Step 4: Add Test Cases
Define the test cases that you want to use for the evaluation. In our example, we'll focus on typical customer support queries:
tests:
- vars:
query: 'Where is my order #12345?'
- vars:
query: 'What is the return policy for electronic items?'
- vars:
query: 'How can I reset my password?'
- vars:
query: 'What are the store hours for your New York location?'
- vars:
query: 'I received a damaged product, what should I do?'
- vars:
query: 'Can you help me with troubleshooting my internet connection?'
- vars:
query: 'Do you have the latest iPhone in stock?'
- vars:
query: 'How can I contact customer support directly?'
Optionally, you can set up assertions to automatically assess the output for correctness:
tests:
- vars:
query: 'Where is my order #12345?'
assert:
- type: contains
value: 'tracking'
- vars:
query: 'What is the return policy for electronic items?'
assert:
- type: contains
value: '30 days'
- vars:
query: 'How can I reset my password?'
assert:
- type: llm-rubric
value: 'The response should include step-by-step instructions for resetting the password.'
- vars:
query: 'What are the store hours for your New York location?'
assert:
- type: contains
value: 'hours'
- vars:
query: 'I received a damaged product, what should I do?'
assert:
- type: llm-rubric
value: 'The response should include steps to report the issue and initiate a return or replacement.'
- vars:
query: 'Can you help me with troubleshooting my internet connection?'
assert:
- type: llm-rubric
value: 'The response should include basic troubleshooting steps such as checking the router and restarting the modem.'
- vars:
query: 'Do you have the latest iPhone in stock?'
assert:
- type: contains
value: 'availability'
- vars:
query: 'How can I contact customer support directly?'
assert:
- type: contains
value: 'contact'
To learn more, see assertions and metrics.
Step 5: Run the Comparison
With everything configured, run the evaluation using the promptfoo
CLI:
npx promptfoo@latest eval
This command will execute each test case against each configured model and record the results.
To visualize the results, use the promptfoo
viewer:
npx promptfoo@latest view
It will show results like so:
You can also output the results to a file in various formats, such as JSON, YAML, or CSV:
npx promptfoo@latest eval -o results.csv
Conclusion
The comparison will provide you with a side-by-side performance view of Qwen, GPT-4, and Llama based on your customer support chatbot test cases.

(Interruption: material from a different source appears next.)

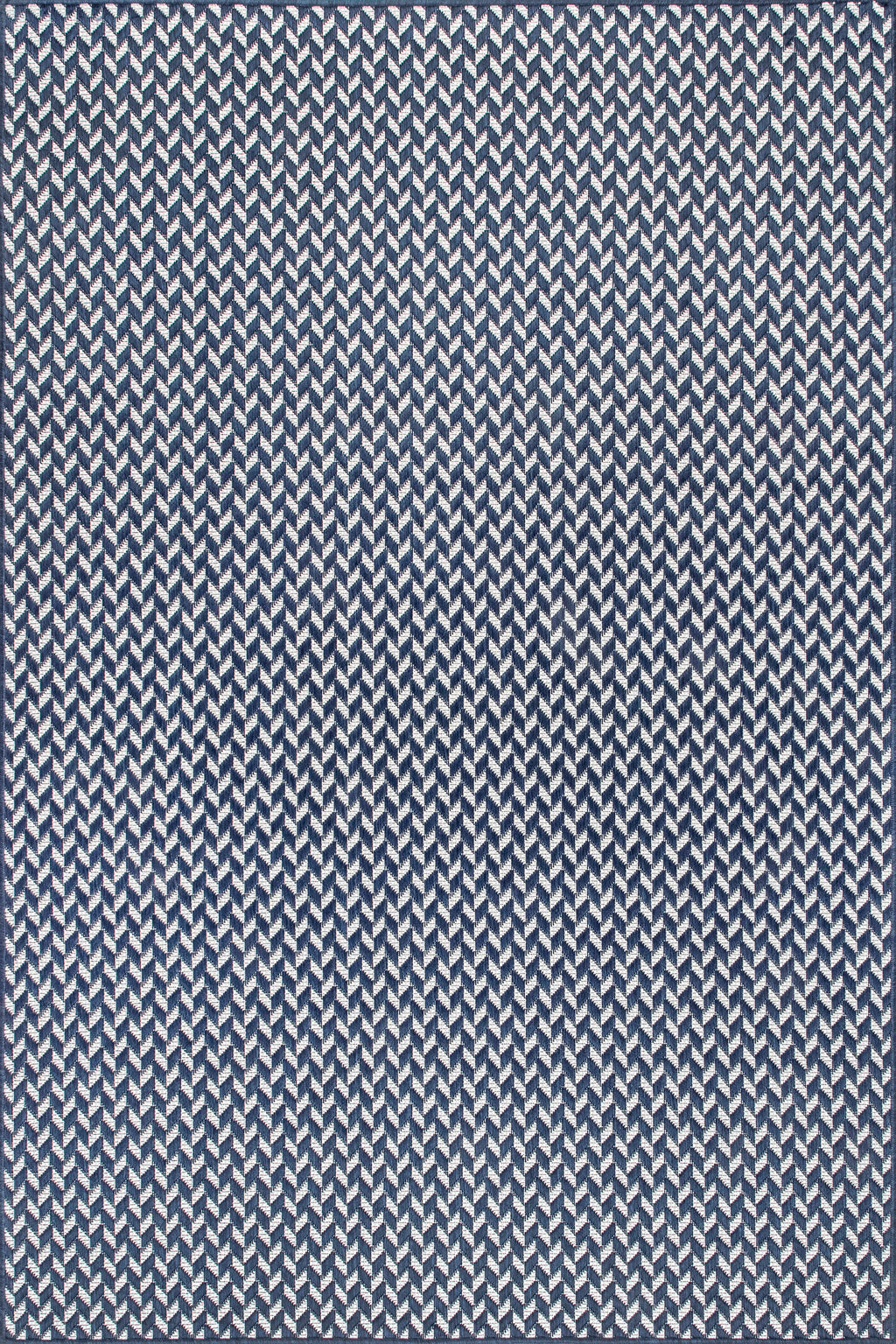 Taraji Herringbone Indoor/Outdoor Rug | Navy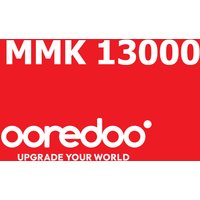 Ooredoo 13000 MMK Mobile Top-up MM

Use this data to make informed decisions about which LLM best suits your application.
Contrast this with public benchmarks from the Chatbot Arena leaderboard:
Model | Arena rating |
---|---|
gpt-4o | 1287 |
Qwen-2-72B-instruct | 1187 |
llama-3-70b-instruct | 1208 |
While public benchmarks tell you how these models perform on generic tasks, they are no substitute for running a benchmark on your own data and use cases. The best choice will depend largely on the specific requirements and constraints of your application.